I can’t presume speak for anyone else, of course, but I think Code Geass, a show which is often happy to provide fanservice, works hard in this scene to direct us to disgust. Close re-examination of the scene reveals that the magazine photograph Nina’s using is a picture of Euphemia talking to some children. Despite (or because of?) Freud’s best efforts, we’re not too keen on associating sexual excitement and children: disgust is provoked. The title above the picture is ‘Britannia Imperial Court Communication’: it appears to be propaganda. Perhaps there’s a hint here that Britannia’s use of Euphemia’s image for political purposes is somewhere on the same spectrum as Nina’s action.
Euphemia’s also a Nice Girl, like the person who disturbs Nina in this scene, Nunally. Nunally and Euphemia are naïve, but they’re the closest thing the show has to a moral compass. Picking up on my above remark about children, Nunally’s also childlike, in stature, manners, voice and disability. Given this the discord between naïve innocence and furtive self-stimulation, I’m going to make a wild stab in the dark and suggest that few viewers actually found this brief bout of table-humping arousing.
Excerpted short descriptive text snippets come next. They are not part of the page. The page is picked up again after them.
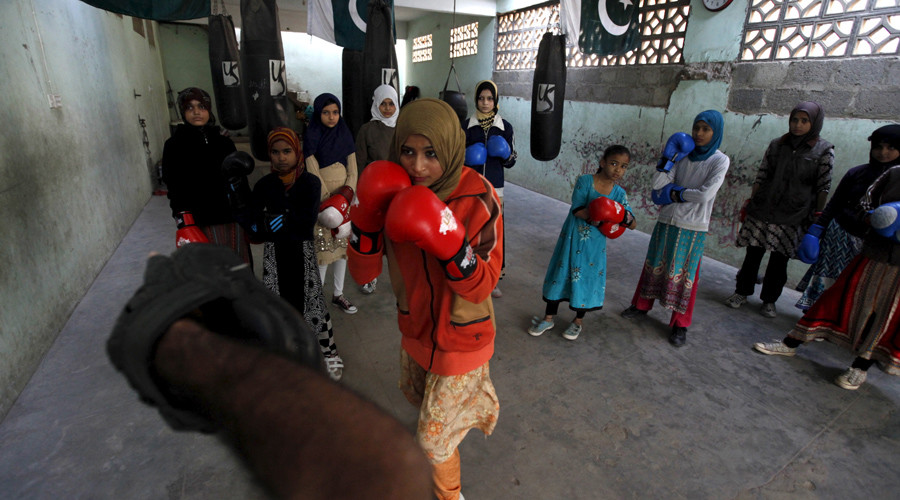 ‘Boxing is in our blood’: Pakistani girls fighting for better life through sport (VIDEO)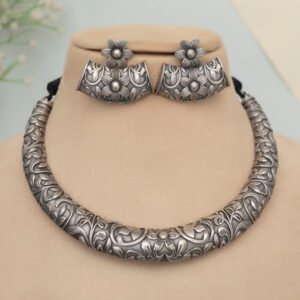 Suranvi Oxidised Choker set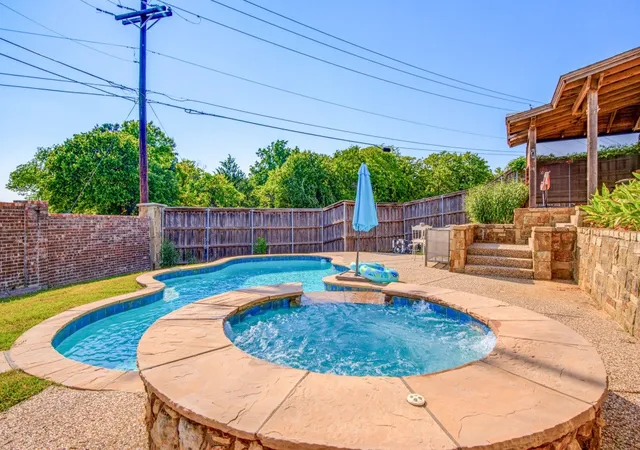 2nd image of 1400 Rancho Dominguez Rd, Corinth, TX 76210 | MLS# 21350875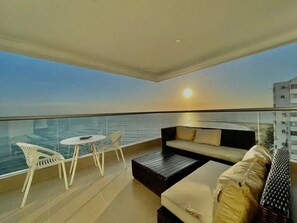 Terrace/patio - Beautiful 2 bedroom apt with ocean views (Cartagena de Indias)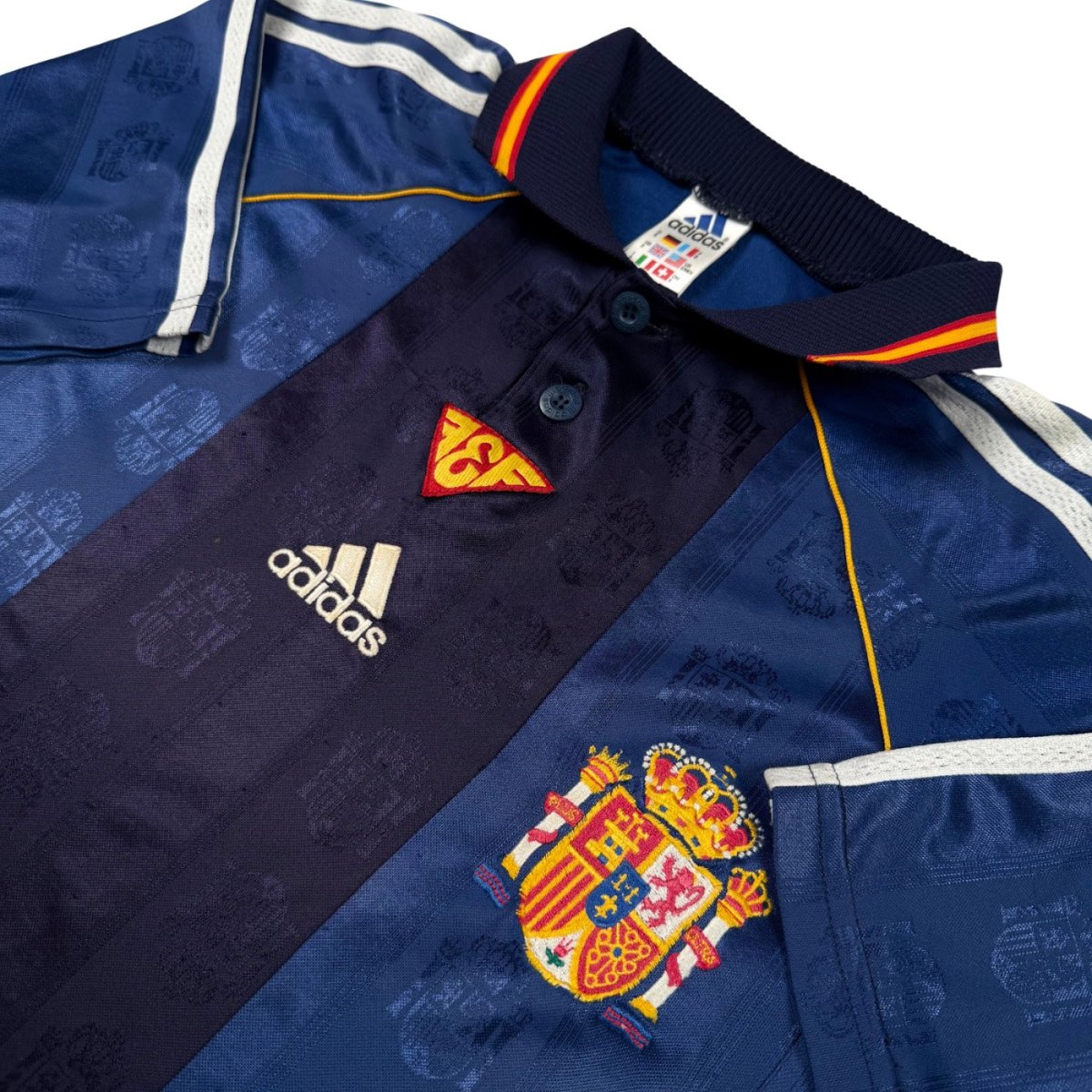 1999/00 Espagne Extérieur (S) - Iconic Football Shop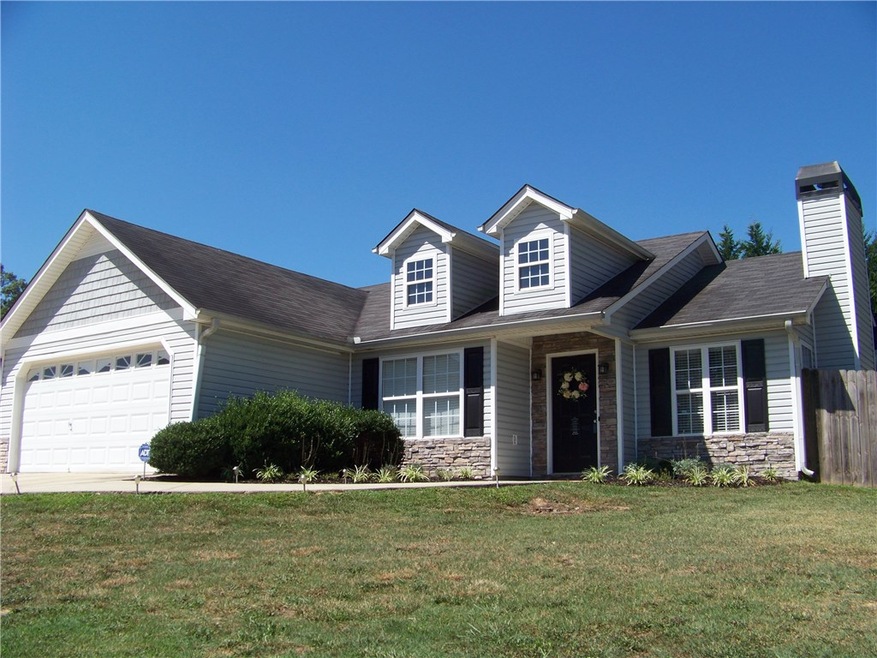 Beautiful 3 bedroom 2 bath ranch!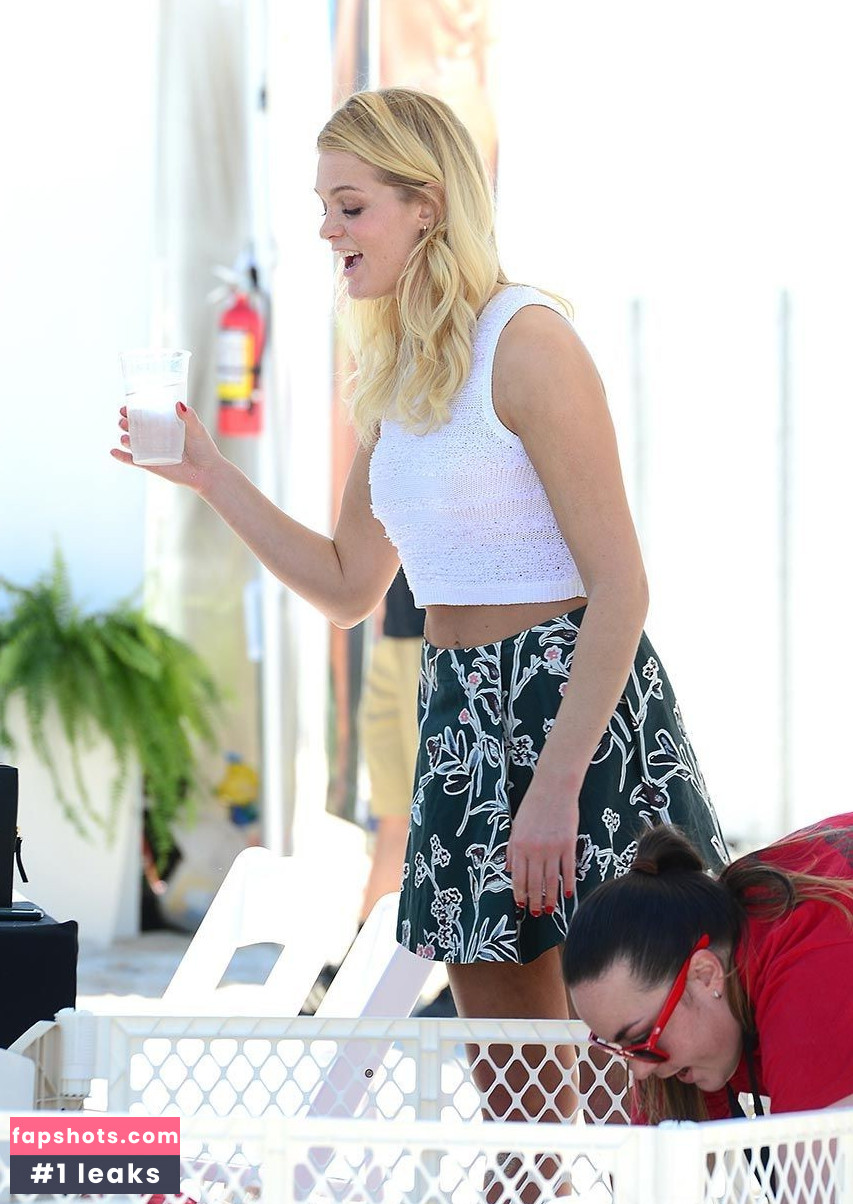 Erin Heatherton gallery photo #72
It’s pretty irrational to run the risk of being caught in flagrante delicto with an item of furniture. I suppose, then, that this all reinforces our conception of Nina as an irrational person, a conception built up by seeing her excessive fear of the Japanese. As a character trait irrationality’s a pleasant contrast to her matchless scientific mind (presumably matchless, seeing as how she split the atom while at school). Can we call Nina yandere? I’m no expert, but myu says we can.
‘It’s nothing’, replies Nina to Nunally’s inquiry. It isn’t nothing, though: it’s a moment of obsession which looks forward to Nina threatening to blow herself and much of the cast up in the series’ finale (it says something about Code Geass that this is one of the finale’s sideshows). Here we’re getting to the reason I like this scene’s positioning between two conversations among the Black Knights about the real plot of the episode.
Most of Code Geass‘s characters want to keep Ashford Academy as a hermetically sealed Camelot, away from the messy business of the Black Knights, but Nina’s incongruous positioning in this episode reminds us how, like Kallen’s distinction between Lelouch and Zero, this separation doesn’t really work. The rebellion’s messy, but things are potentially messy at the Academy long before the Black Rebellion, and Lelouch’s use of it as his headquarters. On a similar note, this is also the episode in which Shirley asks Lelouch out: the potential Shirley/Lelouch relationship is much more conventional than Nina’s obsessive passion for Euphemia, but it ends badly because (again) Ashford can’t be separated from the rest of Area Eleven.
(I still haven’t figured out why Nina’s glasses didn’t fall off, though.)